Veterans split on future of aid provider

He was so good, he’s sparked a heated debate.

Clallam County veterans assistant Dick Stumbaugh’s work connecting veterans with the myriad different services was held in high regard by both sides in an April 21 debate in a Clallam County commissioner work session.

The topic was how Stumbaugh would be replaced.

Stumbaugh is retiring April 30. He gets paid for 16 hours of work a week, although any veteran would say he works double that. His position is funded by the Veteran’s Relief Fund, which is assessed through property taxes.

As he leaves, Stumbaugh’s hope is that the county will merge his half-time position with another half-time position opening up at Serenity House of Clallam County. That position is to coordinate re-entry of convicted felons at risk of being homeless back into the county.

The Clallam County commissioners must decide before May whether to restaff the position at 16 hours a week or create the new position through Serenity House.

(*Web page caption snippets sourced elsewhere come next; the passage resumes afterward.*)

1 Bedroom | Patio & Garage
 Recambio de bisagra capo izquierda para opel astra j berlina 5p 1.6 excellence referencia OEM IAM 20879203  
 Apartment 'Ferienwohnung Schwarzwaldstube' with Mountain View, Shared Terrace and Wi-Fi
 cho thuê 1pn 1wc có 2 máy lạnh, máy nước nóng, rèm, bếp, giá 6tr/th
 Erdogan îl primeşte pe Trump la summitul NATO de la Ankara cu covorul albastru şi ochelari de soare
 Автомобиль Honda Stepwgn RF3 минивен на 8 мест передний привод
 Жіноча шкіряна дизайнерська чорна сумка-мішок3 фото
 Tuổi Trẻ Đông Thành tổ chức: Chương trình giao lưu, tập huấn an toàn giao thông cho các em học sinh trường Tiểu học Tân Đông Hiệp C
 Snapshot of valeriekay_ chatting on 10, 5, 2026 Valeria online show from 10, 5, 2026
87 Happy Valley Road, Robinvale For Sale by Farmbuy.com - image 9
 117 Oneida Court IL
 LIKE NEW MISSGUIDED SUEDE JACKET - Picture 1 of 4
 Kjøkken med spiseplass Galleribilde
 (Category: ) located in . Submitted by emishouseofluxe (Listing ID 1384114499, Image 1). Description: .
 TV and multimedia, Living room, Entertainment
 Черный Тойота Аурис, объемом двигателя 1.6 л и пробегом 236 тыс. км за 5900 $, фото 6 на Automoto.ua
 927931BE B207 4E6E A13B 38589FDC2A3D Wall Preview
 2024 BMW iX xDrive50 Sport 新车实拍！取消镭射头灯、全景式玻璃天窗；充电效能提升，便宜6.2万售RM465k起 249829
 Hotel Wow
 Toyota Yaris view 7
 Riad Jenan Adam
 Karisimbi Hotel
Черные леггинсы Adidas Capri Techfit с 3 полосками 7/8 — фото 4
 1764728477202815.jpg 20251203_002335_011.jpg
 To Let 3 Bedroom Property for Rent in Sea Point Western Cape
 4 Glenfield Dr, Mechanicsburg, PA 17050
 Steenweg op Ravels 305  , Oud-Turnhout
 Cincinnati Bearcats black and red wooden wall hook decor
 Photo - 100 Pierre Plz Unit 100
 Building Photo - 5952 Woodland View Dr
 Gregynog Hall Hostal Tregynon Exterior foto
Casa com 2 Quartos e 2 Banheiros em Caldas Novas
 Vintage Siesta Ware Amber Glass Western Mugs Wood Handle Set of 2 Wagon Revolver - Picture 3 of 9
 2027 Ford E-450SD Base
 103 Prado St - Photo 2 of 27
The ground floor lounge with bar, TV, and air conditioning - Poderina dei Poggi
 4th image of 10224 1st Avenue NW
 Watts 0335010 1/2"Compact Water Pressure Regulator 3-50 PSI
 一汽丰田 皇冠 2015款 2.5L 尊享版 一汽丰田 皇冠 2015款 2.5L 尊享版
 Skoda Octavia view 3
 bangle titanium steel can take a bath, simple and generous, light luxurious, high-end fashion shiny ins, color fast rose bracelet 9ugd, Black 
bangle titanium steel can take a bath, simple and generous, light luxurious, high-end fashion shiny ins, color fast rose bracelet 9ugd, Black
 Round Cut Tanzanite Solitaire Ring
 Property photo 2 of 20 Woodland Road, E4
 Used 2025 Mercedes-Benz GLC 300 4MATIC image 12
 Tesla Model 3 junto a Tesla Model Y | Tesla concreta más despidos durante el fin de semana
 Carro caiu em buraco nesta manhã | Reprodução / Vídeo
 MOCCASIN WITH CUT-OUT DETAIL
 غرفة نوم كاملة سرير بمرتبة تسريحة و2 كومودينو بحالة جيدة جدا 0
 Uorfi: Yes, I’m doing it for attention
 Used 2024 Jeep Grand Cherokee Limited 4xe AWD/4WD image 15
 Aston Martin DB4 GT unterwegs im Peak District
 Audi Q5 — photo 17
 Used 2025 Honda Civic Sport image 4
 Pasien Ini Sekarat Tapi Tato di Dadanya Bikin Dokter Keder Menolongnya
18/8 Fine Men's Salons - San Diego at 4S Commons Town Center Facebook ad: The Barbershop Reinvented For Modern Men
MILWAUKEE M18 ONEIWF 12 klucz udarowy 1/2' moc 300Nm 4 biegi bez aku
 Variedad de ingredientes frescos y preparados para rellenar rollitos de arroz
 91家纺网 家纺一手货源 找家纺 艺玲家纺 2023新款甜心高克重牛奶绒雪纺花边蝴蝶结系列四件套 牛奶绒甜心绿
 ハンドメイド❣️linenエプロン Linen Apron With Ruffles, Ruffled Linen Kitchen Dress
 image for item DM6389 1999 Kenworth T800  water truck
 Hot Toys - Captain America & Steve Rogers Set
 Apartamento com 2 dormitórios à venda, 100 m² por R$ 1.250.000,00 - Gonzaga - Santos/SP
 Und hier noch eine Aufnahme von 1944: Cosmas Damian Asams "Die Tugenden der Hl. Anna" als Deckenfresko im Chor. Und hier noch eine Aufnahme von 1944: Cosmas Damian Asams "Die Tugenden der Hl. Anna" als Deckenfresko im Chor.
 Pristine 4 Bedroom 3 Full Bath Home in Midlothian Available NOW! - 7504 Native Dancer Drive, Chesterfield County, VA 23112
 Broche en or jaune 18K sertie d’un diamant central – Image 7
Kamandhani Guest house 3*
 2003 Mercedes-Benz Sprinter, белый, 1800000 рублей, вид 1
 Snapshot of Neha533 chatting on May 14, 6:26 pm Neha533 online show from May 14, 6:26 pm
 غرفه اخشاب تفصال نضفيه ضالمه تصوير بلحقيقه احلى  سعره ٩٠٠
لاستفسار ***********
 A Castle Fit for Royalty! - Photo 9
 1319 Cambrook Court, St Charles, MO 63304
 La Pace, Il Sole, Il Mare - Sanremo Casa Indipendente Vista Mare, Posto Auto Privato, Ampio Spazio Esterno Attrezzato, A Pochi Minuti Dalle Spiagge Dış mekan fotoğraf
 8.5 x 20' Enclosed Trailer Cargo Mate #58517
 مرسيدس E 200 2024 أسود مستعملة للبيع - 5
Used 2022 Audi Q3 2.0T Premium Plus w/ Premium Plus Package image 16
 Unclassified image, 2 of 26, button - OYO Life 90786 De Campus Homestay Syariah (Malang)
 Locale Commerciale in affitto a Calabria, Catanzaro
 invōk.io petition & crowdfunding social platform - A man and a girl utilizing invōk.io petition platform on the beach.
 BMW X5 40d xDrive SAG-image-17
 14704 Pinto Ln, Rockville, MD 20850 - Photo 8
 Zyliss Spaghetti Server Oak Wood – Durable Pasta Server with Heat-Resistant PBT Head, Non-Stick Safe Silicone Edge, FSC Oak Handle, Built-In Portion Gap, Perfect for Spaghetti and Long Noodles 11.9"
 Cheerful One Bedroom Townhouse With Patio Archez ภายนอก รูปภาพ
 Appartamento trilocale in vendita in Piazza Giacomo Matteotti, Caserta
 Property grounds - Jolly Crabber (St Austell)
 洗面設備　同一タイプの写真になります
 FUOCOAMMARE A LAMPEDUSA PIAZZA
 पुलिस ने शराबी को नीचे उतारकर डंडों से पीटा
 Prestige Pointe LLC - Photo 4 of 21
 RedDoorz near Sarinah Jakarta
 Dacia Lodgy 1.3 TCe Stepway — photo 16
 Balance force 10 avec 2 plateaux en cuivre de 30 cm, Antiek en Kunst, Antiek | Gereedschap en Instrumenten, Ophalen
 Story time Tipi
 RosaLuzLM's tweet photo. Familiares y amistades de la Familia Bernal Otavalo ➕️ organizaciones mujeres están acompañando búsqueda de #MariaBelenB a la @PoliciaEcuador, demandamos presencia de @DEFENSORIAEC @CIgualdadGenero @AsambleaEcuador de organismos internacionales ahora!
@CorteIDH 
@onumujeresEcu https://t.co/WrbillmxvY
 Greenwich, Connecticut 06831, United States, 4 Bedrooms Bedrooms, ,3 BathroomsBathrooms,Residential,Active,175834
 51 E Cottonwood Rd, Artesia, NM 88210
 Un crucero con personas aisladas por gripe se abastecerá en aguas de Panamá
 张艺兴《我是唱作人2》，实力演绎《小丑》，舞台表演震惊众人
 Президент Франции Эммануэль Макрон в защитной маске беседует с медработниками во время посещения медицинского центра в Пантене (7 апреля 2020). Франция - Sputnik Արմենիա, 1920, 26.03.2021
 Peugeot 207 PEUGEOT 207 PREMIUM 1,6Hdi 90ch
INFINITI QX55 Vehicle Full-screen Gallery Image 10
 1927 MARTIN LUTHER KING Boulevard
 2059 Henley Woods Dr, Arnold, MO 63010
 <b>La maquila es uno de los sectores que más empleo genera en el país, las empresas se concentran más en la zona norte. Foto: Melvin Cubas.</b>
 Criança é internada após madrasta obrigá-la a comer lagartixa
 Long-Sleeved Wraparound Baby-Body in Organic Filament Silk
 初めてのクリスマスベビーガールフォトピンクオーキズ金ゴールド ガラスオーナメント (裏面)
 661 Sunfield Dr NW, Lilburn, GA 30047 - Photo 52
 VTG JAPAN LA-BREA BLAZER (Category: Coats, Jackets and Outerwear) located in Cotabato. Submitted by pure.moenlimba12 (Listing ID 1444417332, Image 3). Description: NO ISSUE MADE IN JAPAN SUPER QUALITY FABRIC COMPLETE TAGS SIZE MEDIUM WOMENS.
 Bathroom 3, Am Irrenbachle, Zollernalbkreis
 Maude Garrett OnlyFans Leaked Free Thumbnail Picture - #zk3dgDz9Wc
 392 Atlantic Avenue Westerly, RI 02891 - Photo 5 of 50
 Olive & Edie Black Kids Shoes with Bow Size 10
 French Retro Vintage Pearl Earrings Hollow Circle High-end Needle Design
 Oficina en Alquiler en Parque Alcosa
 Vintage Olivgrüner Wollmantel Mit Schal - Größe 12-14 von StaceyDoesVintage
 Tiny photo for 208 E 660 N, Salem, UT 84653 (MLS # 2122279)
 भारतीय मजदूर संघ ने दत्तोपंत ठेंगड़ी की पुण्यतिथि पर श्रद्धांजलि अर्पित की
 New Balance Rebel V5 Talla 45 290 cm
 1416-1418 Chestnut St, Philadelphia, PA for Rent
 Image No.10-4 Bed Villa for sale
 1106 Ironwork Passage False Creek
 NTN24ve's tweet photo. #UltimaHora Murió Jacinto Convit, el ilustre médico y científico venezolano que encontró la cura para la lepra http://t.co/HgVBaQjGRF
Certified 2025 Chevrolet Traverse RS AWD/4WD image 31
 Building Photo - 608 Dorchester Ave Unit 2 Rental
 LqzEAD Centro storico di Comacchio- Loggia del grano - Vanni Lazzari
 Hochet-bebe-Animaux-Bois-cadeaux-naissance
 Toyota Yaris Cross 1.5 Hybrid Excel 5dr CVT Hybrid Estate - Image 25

The county could combine some veteran funding with state-level offender re-entry dollars to create a full-time position dedicated to both projects.

The types of veterans’ service, including assistance with rent, utilities, food and clothes, would go unchanged. However, where veterans go for help, who they talk to and that person’s availability would change.

The idea of being paired with offenders is not appealing to veterans and was the source of some veterans’ dissent. Others simply felt veterans should have a dedicated service agent.

“To be looped in with the offender re-entry program was offensive to most veterans attending our April 9 meeting,” said Clallam Veteran’s Association president Bill Minor of the association’s membership. “But, at the time, a proposal hadn’t been formally made, so once the board understood what the agreement entailed during a special meeting on April 16, they voted to recommend approval.”

But some veterans feel excluded from the board’s decision or the county’s dialogue.

“I, as an individual, feel that there is a rush to make this new position while there are options still to be looked over and veterans to include in the decision-making process,” Terry Roth of Port Angeles said against the proposal. “It could be that the program presented today is the best one on the table, but may veterans have a great deal of pride and going to Serenity House is not what they think they deserve, so we need more information before backing the proposal.”

Jeff Reyes, with the Veterans Conservation Corps but speaking as an individual, said he believes the position should be exclusively serving veterans.

“To expand services, we can line up veteran volunteers to add more hours to the 16 from the county position,” Reyes said. “I’m not sure if someone split between law enforcement expertise and veteran service expertise is going to give both parties the best help.”

Kathy Wahto, director of Serenity House, said her agency didn’t seek the partnership but believes it will expand veteran services in Clallam County.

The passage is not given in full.